▶ _Data to process_
★ ★ ★ ★ ★ ★ ★

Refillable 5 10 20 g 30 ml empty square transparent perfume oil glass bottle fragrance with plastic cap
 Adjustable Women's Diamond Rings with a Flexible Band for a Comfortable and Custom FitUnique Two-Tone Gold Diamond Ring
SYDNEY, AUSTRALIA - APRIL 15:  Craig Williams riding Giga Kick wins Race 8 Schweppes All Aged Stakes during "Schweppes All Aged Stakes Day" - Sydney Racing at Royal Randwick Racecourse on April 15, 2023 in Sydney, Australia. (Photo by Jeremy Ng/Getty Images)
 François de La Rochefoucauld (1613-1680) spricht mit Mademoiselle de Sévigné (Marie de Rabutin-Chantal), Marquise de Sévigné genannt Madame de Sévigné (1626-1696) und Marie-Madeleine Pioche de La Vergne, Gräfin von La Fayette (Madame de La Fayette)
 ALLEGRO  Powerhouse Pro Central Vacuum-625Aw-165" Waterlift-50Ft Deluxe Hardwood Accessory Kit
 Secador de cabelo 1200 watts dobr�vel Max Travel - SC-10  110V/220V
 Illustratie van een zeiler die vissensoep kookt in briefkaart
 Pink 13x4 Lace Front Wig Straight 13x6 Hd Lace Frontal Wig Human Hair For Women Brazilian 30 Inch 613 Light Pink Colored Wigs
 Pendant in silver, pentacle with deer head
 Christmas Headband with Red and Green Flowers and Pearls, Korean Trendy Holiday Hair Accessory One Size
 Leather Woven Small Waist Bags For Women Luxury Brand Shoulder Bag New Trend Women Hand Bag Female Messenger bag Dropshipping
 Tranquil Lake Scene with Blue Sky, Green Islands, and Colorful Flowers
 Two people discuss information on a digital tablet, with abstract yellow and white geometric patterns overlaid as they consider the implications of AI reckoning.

★ ★ ★ ★ ★ ★ ★

▶ _Problem to work on_
Write out the listing exactly from its first line to the line containing "Adjustable Women's Diamond". Both of those lines belong in the answer.

▶ _Solution for this exercise_
Refillable 5 10 20 g 30 ml empty square transparent perfume oil glass bottle fragrance with plastic cap
 Adjustable Women's Diamond Rings with a Flexible Band for a Comfortable and Custom FitUnique Two-Tone Gold Diamond Ring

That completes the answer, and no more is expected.